Tree Traversals (In Order, Pre Order, Post Order)
Tree Traversal (In Order, Pre Order, Post Order)
Traversing a tree is the process of visiting every node in the tree. Since all nodes are connected via edges, traversal is always started from the root node.
It is not possible to randomly access a node in a tree.
Basic structure of a tree
Every tree consists of :
- A node carrying data or a value
- Two subtrees
struct node
{
int data;
struct node* left; // left child
struct node* right; // right child
}
Note : The struct node pointed to by left and right might have other left and right children and should be considered as sub-trees instead of sub-nodes.
A hierarchical data structure like a tree can be traversed in three ways :
- In-order Traversal
- Pre-order Traversal
- Post-order Traversal
In-order Traversal
In inorder traversal, the output will produce sorted key values in ascending order.
Steps
Until all nodes are traversed :
- Traverse left subtree.
- Then the root node.
- Traverse right subtree.
Note : Every node may represent a subtree itself.
Start from 3, then move to its left subtree 5. 5 is also traversed in-order.
The process goes on until all the nodes are visited.

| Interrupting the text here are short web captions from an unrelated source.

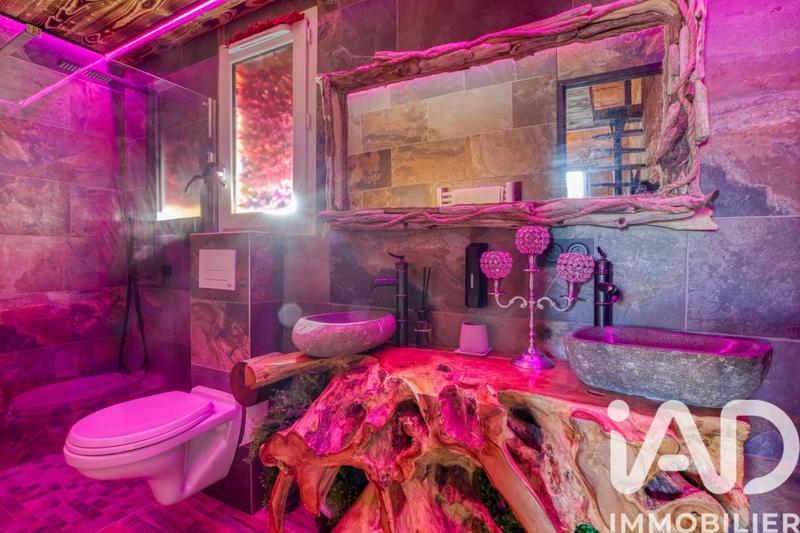 Maison - 240 m² - 8 pièces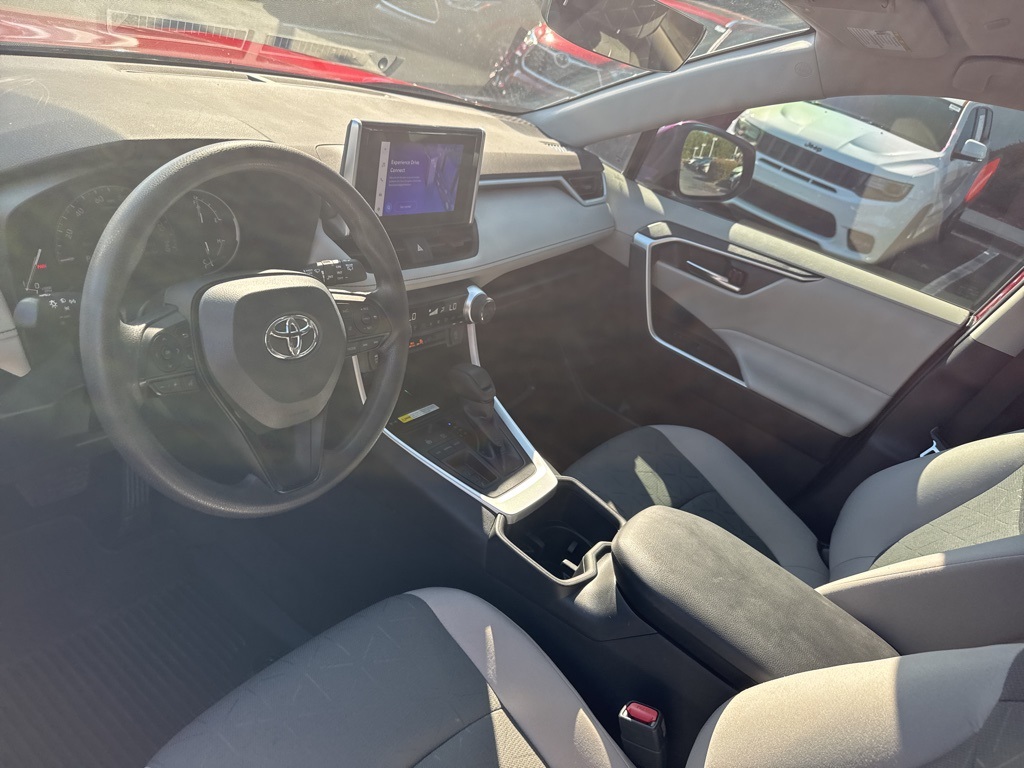 2023 Toyota RAV4 XLE photo 17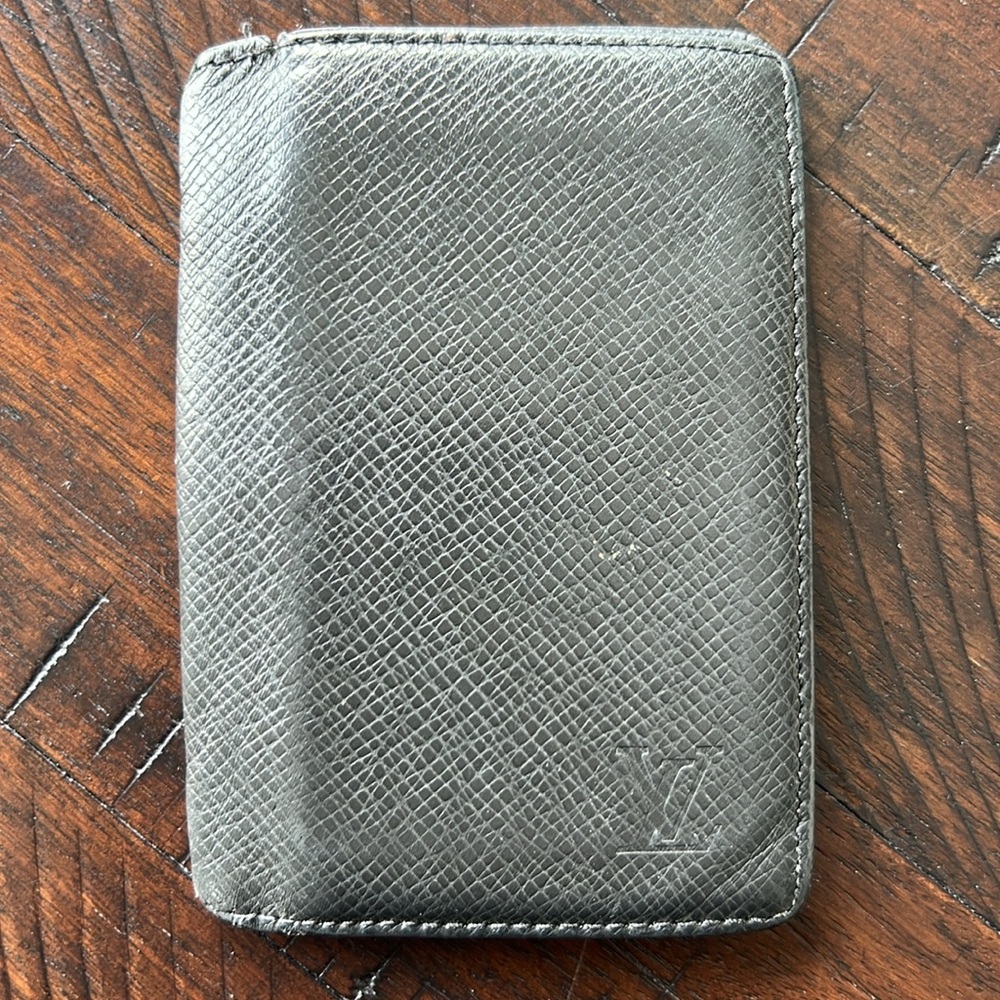 Louis Vuitton Black Taiga Leather Bifold Wallet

The output of inorder traversal of this tree will be :
11 → 5 → 8 → 3 → 9 → 6 → 1
Code
void inorder(struct Node* node)
{
if (node != NULL)
{
inorder(node->left);
print(node->data);
inorder(node->right);
}
}
Preorder Traversal
Steps
- Visit root node.
- Traverse left subtree. (Visit all the nodes in the left subtree)
- Traverse right subtree. (Visit all the nodes in the right subtree)
Note : Every node may represent a subtree itself.
Start from 3, then first visit 3 itself and then move to its left subtree 5. 5 is also traversed pre-order.
The process goes on until all the nodes are visited.
The output of pre-order traversal of this tree will be :
3→ 5 → 11 → 8 → 6 → 9 → 1
Code
void preorder(struct Node* node)
{
if (node != NULL)
{
print(node->data);
preorder(node->left);
preorder(node->right);
}
}
Post-order Traversal
Steps
Until all nodes are traversed :
- Traverse left subtree.
- Traverse right subtree.
- Visit the root node.
Note : Every node may represent a subtree itself.
Start from 3,then traverse the left subtree 5. 5 is also traversed post-order.
The process goes on until all the nodes are visited.
The output of post-order traversal of this tree will be :
11 → 8 → 5 → 9 → 1 → 6 → 3
Code
void postorder(struct Node* node)
{
if (node != NULL)
{
postorder(node->left);
postorder(node->right);
print(node->data);
}
}
Implementation
This implementation is based on concepts used in Array Implementation Of Binary Trees
#include <bits/stdc++.h>
using namespace std;
vector<int> tree = {-1, 3, 5, 6, 11, 8, 9, -1, 9, -1, -1, -1, -1, -1, -1, -1};
int leftChild(int i) {
return 2*i;
}
int rightChild(int i) {
return 2*i + 1;
}
int parent(int i) {
return i/2;
}
// Left, Root, Right
// Does in-order traversal for subtree located at index pos
void inOrderTraversal(int pos) {
if (pos < tree.size() && tree[pos] != -1) {
inOrderTraversal(leftChild(pos));
cout << tree[pos] << " ";
inOrderTraversal(rightChild(pos));
}
}
// Root, Left, Right
// Does pre-order traversal for subtree located at index pos
void preOrderTraversal(int pos) {
if (pos < tree.size() && tree[pos] != -1) {
cout << tree[pos] << " ";
preOrderTraversal(leftChild(pos));
preOrderTraversal(rightChild(pos));
}
}
// Left, Right, Root
// Does postOrder traversal for subtree located at index pos
void postOrderTraversal(int pos) {
if (pos < tree.size() && tree[pos] != -1) {
postOrderTraversal(leftChild(pos));
postOrderTraversal(rightChild(pos));
cout << tree[pos] << " ";
}
}
int main() {
cout << "In Order Traversal\n";
inOrderTraversal(1);
cout << "\nPre Order Traversal\n";
preOrderTraversal(1);
cout << "\nPost Order Traversal\n";
postOrderTraversal(1);
cout << "\n";
}